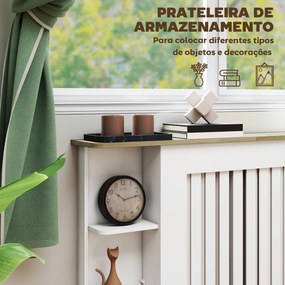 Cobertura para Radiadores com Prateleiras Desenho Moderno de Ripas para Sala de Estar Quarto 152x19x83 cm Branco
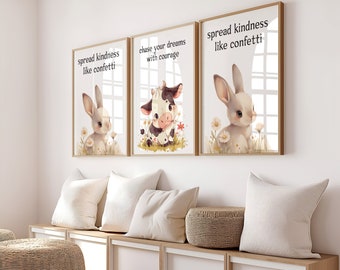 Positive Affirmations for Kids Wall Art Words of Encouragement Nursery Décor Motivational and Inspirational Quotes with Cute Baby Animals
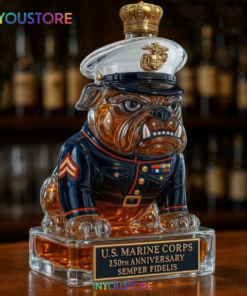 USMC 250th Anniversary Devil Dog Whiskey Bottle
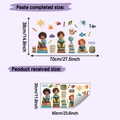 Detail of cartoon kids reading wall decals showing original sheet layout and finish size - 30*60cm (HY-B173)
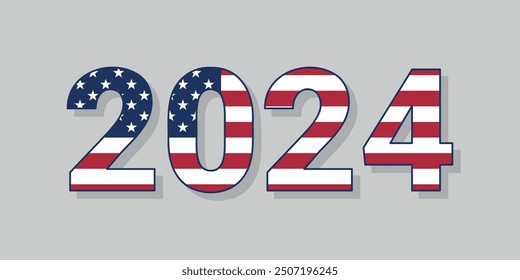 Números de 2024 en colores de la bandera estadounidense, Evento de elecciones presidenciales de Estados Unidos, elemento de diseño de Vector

*****

=== Directions for this task ===
Copy exactly the lines from the one containing "USMC 250th Anniversary" through the last line of the records above, including both, and omit every picture.

=== Finished task ===
 USMC 250th Anniversary Devil Dog Whiskey Bottle
 Detail of cartoon kids reading wall decals showing original sheet layout and finish size - 30*60cm (HY-B173)
 Números de 2024 en colores de la bandera estadounidense, Evento de elecciones presidenciales de Estados Unidos, elemento de diseño de Vector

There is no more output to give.